Assuming he loves and cares about his child, which you seems convinced of:
Use scare tactics, definitely. To the full extent, whatever it takes to inform him fully on the risk he took. The documentation is widespread, this is incontrovertible stuff. When he is presented with hard evidence, then he will surely be scared straight. Give him evidence from sources that aren't you. Give him a leaflet to read, don't read it to him. Because he can't feel a leaflet may be overmothering or cosseting the baby to his exclusion, and if he feels you have any history of doing these things, whether rightly or wrongly, then it is very easy and almost natural to react to this by lumping this situation in with those other instances, no matter how authoritively and convincingly you speak on the subject of SIDS. Because the alternative, the horrible truth, that he endangered his precious child unknowingly, is too unbearable to face up to.

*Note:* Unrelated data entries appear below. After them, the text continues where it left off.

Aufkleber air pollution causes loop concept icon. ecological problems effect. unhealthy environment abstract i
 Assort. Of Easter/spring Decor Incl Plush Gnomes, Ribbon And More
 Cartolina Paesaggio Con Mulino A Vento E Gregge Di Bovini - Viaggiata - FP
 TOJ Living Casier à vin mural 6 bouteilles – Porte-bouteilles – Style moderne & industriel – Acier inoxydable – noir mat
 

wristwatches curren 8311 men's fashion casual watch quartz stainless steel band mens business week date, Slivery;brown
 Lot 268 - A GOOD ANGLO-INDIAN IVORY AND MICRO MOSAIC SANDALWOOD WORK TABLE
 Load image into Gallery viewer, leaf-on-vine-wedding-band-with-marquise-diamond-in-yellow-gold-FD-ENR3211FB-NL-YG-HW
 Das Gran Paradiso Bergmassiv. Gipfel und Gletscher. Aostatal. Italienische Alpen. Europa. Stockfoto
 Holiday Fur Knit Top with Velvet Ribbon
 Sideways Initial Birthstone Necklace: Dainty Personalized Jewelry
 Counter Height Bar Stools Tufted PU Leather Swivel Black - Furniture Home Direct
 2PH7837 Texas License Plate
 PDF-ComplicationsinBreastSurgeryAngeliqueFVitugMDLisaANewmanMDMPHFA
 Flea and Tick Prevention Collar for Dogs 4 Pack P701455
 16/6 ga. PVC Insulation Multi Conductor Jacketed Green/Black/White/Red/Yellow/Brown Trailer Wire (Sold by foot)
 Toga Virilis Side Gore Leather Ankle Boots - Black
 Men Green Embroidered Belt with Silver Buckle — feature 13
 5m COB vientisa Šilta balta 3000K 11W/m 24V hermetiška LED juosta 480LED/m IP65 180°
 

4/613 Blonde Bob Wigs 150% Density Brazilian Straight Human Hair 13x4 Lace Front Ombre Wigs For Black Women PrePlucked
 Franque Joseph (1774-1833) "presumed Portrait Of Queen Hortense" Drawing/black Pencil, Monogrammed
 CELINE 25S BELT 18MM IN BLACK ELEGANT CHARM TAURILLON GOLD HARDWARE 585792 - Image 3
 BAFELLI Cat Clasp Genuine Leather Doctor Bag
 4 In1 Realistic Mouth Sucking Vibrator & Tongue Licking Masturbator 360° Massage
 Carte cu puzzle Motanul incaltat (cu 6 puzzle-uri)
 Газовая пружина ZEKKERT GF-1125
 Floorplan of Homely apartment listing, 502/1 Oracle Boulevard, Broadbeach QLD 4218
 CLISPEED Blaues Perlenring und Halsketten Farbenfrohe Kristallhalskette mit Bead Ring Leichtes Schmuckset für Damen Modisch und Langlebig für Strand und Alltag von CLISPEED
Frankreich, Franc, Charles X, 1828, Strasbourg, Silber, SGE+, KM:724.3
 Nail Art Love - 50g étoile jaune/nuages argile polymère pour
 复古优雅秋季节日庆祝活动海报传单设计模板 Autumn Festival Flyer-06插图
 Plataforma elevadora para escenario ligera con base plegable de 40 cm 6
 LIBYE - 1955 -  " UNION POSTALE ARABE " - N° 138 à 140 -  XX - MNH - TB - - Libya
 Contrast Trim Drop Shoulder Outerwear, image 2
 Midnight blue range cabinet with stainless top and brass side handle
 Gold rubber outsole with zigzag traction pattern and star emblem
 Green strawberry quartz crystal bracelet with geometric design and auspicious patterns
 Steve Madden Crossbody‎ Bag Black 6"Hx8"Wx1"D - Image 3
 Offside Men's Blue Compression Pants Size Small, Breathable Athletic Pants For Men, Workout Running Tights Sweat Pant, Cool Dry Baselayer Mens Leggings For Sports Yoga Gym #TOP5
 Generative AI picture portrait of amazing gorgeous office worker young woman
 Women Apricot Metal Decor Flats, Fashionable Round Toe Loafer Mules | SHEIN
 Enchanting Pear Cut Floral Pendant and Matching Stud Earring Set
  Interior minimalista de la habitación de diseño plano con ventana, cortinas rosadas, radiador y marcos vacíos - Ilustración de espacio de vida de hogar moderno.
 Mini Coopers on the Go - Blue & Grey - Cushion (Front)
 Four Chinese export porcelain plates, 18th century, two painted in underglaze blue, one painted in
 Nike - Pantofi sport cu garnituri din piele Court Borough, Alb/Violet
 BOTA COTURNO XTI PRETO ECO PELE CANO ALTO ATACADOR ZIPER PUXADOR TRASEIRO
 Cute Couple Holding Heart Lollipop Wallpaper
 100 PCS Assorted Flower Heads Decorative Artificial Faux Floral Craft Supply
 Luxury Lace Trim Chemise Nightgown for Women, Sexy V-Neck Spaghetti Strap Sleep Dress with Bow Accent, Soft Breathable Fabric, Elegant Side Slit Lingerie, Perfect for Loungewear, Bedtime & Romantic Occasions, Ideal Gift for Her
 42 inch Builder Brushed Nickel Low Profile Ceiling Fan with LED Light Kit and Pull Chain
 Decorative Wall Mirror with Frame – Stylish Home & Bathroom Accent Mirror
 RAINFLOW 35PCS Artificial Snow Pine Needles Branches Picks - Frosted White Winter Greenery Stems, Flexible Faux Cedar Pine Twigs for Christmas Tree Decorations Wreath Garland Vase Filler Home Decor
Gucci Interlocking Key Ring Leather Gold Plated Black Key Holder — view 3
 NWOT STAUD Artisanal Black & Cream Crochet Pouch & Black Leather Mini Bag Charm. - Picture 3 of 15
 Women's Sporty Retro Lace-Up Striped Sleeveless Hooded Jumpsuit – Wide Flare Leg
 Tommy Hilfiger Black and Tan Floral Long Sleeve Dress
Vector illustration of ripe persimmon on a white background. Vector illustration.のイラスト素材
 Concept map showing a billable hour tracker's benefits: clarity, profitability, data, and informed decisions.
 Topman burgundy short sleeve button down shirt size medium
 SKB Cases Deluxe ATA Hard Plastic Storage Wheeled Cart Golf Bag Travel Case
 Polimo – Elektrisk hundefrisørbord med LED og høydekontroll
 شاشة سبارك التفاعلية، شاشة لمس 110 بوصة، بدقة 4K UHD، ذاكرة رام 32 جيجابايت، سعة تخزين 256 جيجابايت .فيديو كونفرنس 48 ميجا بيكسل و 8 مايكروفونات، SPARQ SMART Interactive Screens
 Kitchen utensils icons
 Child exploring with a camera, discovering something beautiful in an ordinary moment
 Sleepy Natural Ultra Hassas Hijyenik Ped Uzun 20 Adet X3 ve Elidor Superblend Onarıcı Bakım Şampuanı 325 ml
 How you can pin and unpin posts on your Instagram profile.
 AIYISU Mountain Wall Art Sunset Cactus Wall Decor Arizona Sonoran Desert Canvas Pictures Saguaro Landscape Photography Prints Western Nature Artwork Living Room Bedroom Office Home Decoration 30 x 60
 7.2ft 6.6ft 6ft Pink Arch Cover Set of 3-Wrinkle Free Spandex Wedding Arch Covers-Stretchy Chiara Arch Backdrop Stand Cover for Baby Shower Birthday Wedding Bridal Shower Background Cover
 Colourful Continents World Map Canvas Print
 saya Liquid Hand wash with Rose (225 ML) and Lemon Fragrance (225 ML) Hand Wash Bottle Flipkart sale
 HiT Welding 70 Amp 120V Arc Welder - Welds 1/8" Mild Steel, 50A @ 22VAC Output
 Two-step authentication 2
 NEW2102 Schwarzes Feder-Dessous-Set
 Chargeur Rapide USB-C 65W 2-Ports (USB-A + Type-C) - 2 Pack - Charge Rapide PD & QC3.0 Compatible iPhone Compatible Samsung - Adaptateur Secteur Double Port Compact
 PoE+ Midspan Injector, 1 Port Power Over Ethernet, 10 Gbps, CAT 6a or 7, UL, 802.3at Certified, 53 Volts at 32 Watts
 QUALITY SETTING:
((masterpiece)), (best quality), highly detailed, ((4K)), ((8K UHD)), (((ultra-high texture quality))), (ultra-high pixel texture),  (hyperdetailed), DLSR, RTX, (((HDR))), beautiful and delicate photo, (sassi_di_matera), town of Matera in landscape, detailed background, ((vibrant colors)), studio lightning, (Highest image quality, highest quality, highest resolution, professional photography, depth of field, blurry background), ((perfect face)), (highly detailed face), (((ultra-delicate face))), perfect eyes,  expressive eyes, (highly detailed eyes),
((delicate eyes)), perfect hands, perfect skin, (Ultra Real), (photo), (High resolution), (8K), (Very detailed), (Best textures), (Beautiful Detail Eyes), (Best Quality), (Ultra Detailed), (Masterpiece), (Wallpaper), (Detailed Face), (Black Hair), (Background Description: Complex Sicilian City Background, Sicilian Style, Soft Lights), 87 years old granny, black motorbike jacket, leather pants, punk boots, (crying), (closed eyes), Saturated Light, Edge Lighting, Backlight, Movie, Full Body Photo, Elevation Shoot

But once he's absolutely got the message and tells you he will never do this again (which he must, and will) don't be too mad at him. Be vigilant for other urgent blind spots there may be in his parenting (as subtly as you can do so whilst fully satisfying your concerns). But don't be too mad once the danger is gone. While it is incontrovertible that SIDS was possible from what he did, it is not intuitive to a person lying peacefully with their baby on the sofa feeling like cuddling up for a nap. He didn't think he was putting your DC at risk. Be mad a tiny little bit for his thinking you were exaggerating the dangers or over worrying. And also at that blokey self-assurance that means he must never admit he doesn't know what he's doing, (irritating at refusing-to-ask-for-directions level, potentially lethal here). But let these angers be ultimately overwhelmed by the knowledge his actions, however horrifying, were not in the slightest bit malicious, but came from the same love you have for your DC.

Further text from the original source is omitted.